Notice how the output voltage grows logarithmically, not linearly; if the input of 2 volts RMS was directly multiplied by the gain of 5 dB, the output would become 10 volts RMS.

The following figure plots the resulting sinusoidal wave after being amplified by a gain of 5 dB. Again, its peak and RMS values are highlighted.

From the plot, we can also observe that the RMS value of the output is below the clip limiter, while the peaks are above it and would not be processed by the device.

Similarly to how the input voltage was converted to dBV, the same can be done to the output voltage.

\begin{split} \mathrm{dBV} &= 20 \log_{10} \left( \frac{V_{\mathrm{out}}}{1} \right) \\ &\approx 20 \log_{10} \left( \frac{3.556}{1} \right) \\ &\approx 20 \log_{10}(3.556) \\ &\approx 20 \times 0.551 \\ &\approx 11.02 \end{split}

Just like with any other value expressed in decibels, this 11.02 expresses a ratio between two values, in this case the output voltage and a constant reference value of 1 volt. This new value, although expressed in decibels, is completely independent from the input or the amplification, it simply indicates a ratio between a signal level and a constant.
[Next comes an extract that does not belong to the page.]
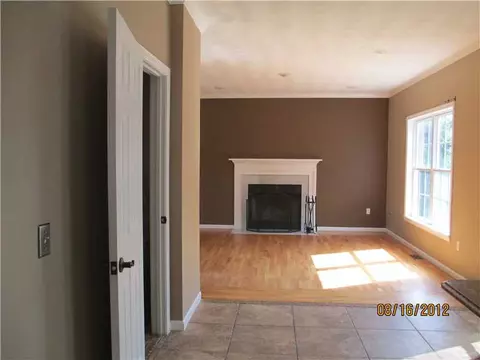 10 Paddock Dr, Cranston, RI 02921 photo 4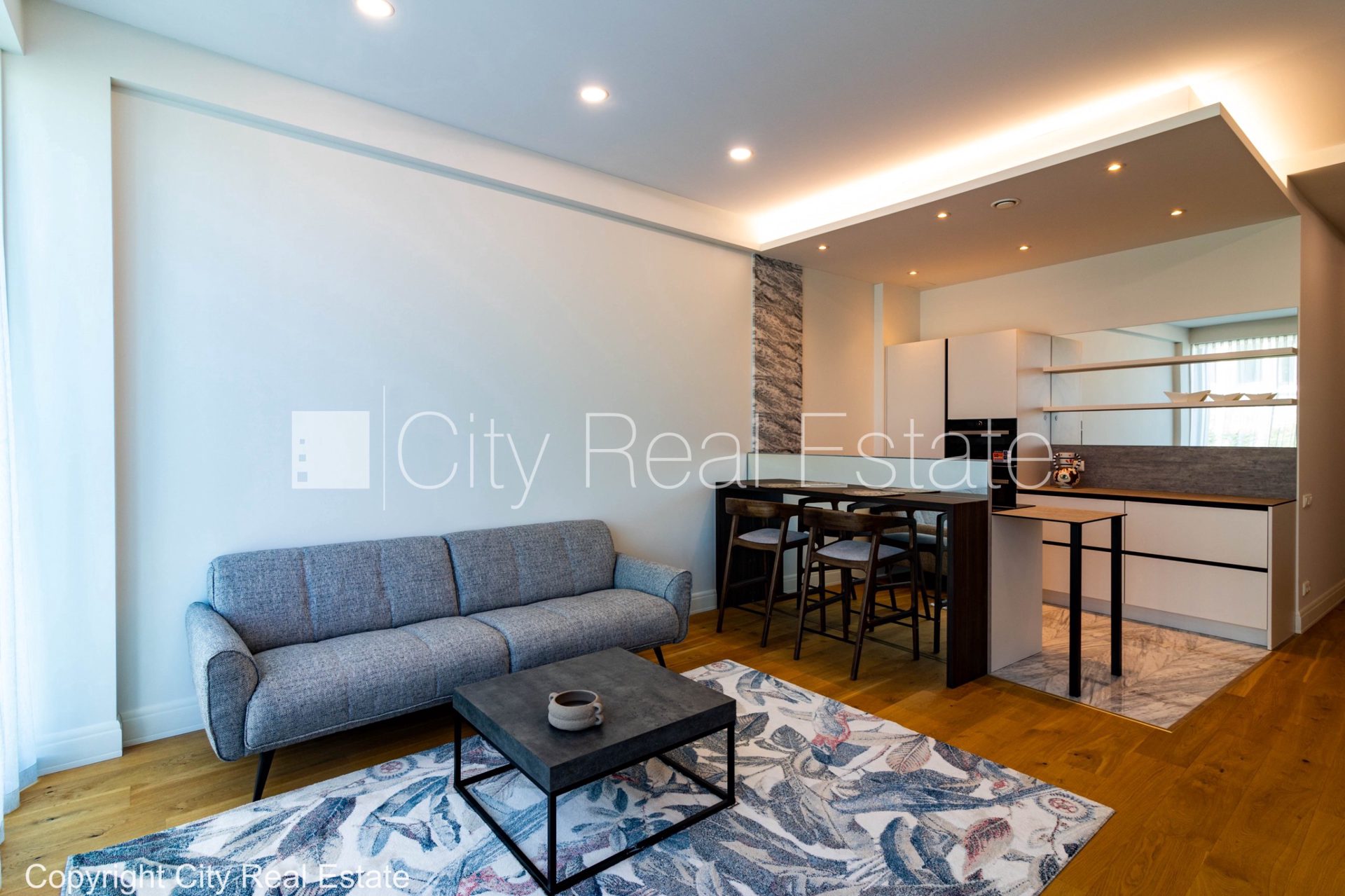 3-комнатная квартира в Рига, Центр, 110 м², аренда, Фото 3 из 10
Also note that, by subtracting the input and output dBV, the gain can be obtained. This can be done with a simple subtraction because the input and output dBV values were calculated using the same logarithmic scale, which is also used to express the gain of the amplifier. In other words, a value expressed in “suffixed” decibels can be added to another value in “plain” decibels to obtain a result back in “suffixed” decibels because all decibels use the same logarithmic formula \eqref{eq:power-ratio-to-decibels}.